A segment is dedicated to the connection between Mexican drug cartels and the foiled plot to murder the Saudi ambassador in Washington D.C. a few months ago. One of the Iranians charged had been ordered by that country’s Special Forces to travel to Mexico to recruit members of the notorious drug cartel “Los Zetas” to carry out the plot. The massive scheme against U.S. government information and computer systems had been in the works years earlier, the documentary reveals.
The ties between Middle Eastern terrorists and Latin America are nothing new, though specific plots against the U.S. from the region have likely not been exposed in this manner. Since 1982 Cuba has appeared on the State Department’s list of countries that have repeatedly provided support for acts of international terrorism, which means restrictions on U.S. foreign assistance, a ban on defense exports and sales and other financial restrictions.
Earlier this year the Congressional Research Service (CRS), which examines issues for federal lawmakers, published a report on Latin American terrorist concerns to the United States. It points out that, while Latin America has not been the focal point of the U.S. war on terrorism, the region has struggled with domestic terrorism for decades and international terrorist groups have used it as a battle ground to advance their causes.
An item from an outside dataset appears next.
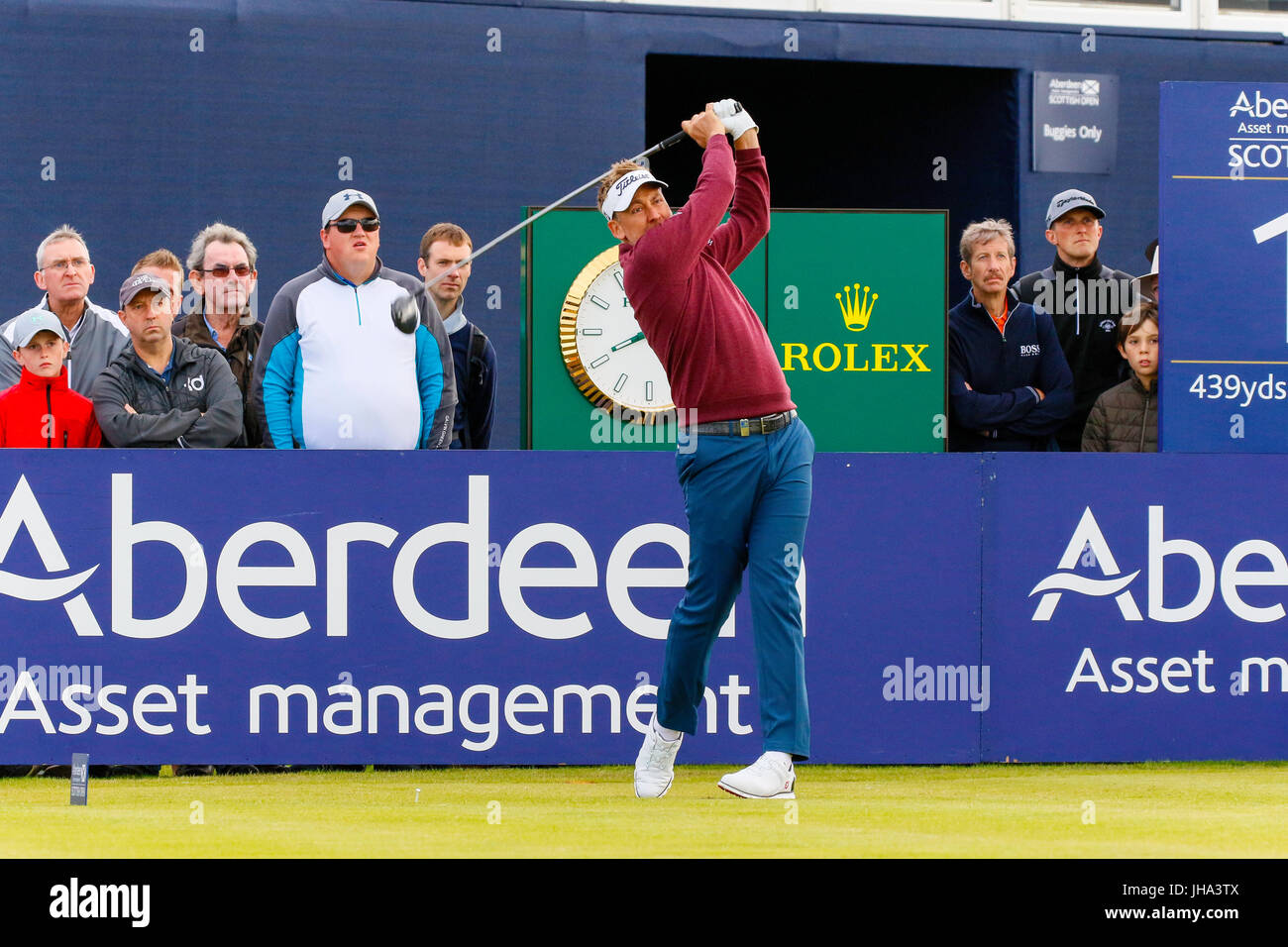 Ayrshire, Schottland, Vereinigtes Königreich. 13. Juli 2017. Am ersten Tag der AAM Scottish Open Golf Championship Golfer aus der ganzen Welt über Dundonald Links in der Nähe von Irvine, Ayrshire gespielt. Spieler aufgenommen Rory Mcilroy, Rickie Fowler, Jason Dufner, Henrik Stenson, Luke Donald und vielen anderen. Bildnachweis: Findlay/Alamy Live-Nachrichten Stockfoto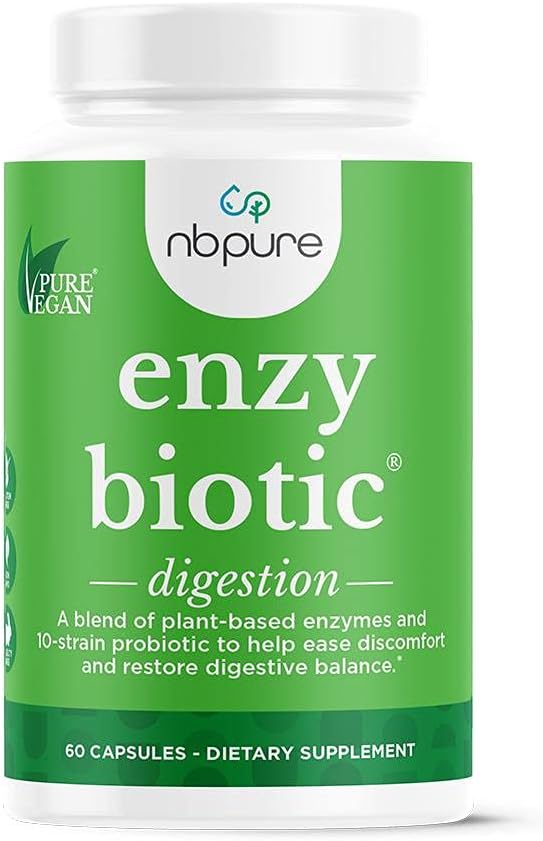 nbpure EnzyBiotic Verdauungsenzyme mit Probiotika und Präbiotika Supplement Blend, 60 Zähler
The report specifically mentions Iran’s increasing activities in Latin America in its attempt to circumvent U.S. sanctions as well as its ties to the radical Lebanon-based Islamic group Hezbollah. In fact, the CRS report quotes a separate State Department antiterrorism document that says the U.S. remains concerned that sympathizers of Hezbollah and the Sunni Muslim Palestinian group Hamas are raising money among the sizable Middle Eastern communities in the tri-border area of Argentina.